Section 17 of the vcc act 2018 gives a Variable Capital Company separate legal personality. From its date of incorporation the VCC is a body corporate that can sue and be sued, hold property, and continue in existence until wound up or struck off, independently of its members and directors.
What Section 17 of the VCC Act 2018 says
Section 17 of the Variable Capital Companies Act 2018 establishes that a VCC, on and from incorporation, is a body corporate with the capacities of a natural person, perpetual succession, and the power to hold property and to sue and be sued in its own name. This mirrors the corporate personality of an ordinary company under the Companies Act 1967, giving fund counterparties a familiar legal foundation.
Why legal personality matters for funds
Separate personality lets a VCC contract with administrators, custodians and counterparties directly, ring-fence liabilities at the corporate level, and own fund assets in its own name. For umbrella structures this interacts with sub-fund segregation; our guide to Section 29 sub-fund segregation explains how assets and liabilities are kept apart between sub-funds within the single legal person.
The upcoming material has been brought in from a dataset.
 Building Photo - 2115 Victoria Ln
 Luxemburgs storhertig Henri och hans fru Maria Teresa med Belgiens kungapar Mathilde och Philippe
How it applies in practice
Because the VCC is a person in law, its directors owe duties to it, contracts are made in its name, and members’ liability is limited to their shares. A standalone VCC has one legal personality. An umbrella VCC also remains a single legal person, even though its sub-funds are segregated for liability purposes, which is a point counsel often have to explain to overseas counterparties.
Capacity, contracts and execution
A VCC contracts in its own name through its directors or duly authorised officers, and it can grant security, hold bank accounts and bring or defend proceedings. Where the VCC acts for a particular sub-fund, the documentation should identify the sub-fund so that liability attaches to the correct pool of assets under Section 29.
Cost and timeline
Incorporating a VCC, at which point Section 17 personality arises, takes around 2 to 4 weeks once the manager and directors are in place. The ACRA incorporation fee for a VCC is S$8,000. A VCC must appoint a Permissible Fund Manager and at least one Singapore-resident director.
Step-by-step process
First, appoint the Permissible Fund Manager and directors. Second, prepare the constitution and reserve the name. Third, file the incorporation application with ACRA; on registration the VCC acquires separate legal personality under Section 17. Fourth, open bank and custody accounts in the VCC’s own name. Fifth, put fund agreements in place in the VCC’s name. Where a fund is moving in from offshore, the personality is preserved; see our Part 13 redomiciliation guide. Groups onshoring a manager should review the subsidiary of a foreign parent pitfalls guide, and family offices can pair the VCC with the structures in our family office structures walkthrough.
Common mistakes and gotchas
A frequent misunderstanding is treating sub-funds as separate legal persons; they are not. The umbrella VCC is the single legal person, with segregation achieved through Section 29 rather than separate incorporation. Directors also forget that contracts must be executed in the VCC’s name, not the manager’s.
FAQs
When does a VCC acquire legal personality? On incorporation, under Section 17 of the VCC Act 2018.
Are sub-funds separate legal persons? No. The umbrella VCC is one legal person; sub-funds are segregated for liability only.
Can a VCC own property in its own name? Yes, as a body corporate it can hold property and contract directly.
Does a VCC need a resident director? Yes, at least one Singapore-resident director and a Permissible Fund Manager.
How should sub-fund contracts be signed? In the VCC’s name, identifying the relevant sub-fund so liability attaches correctly.
Authoritative sources: the Variable Capital Companies Act 2018 on Singapore Statutes Online and the Accounting and Corporate Regulatory Authority (ACRA).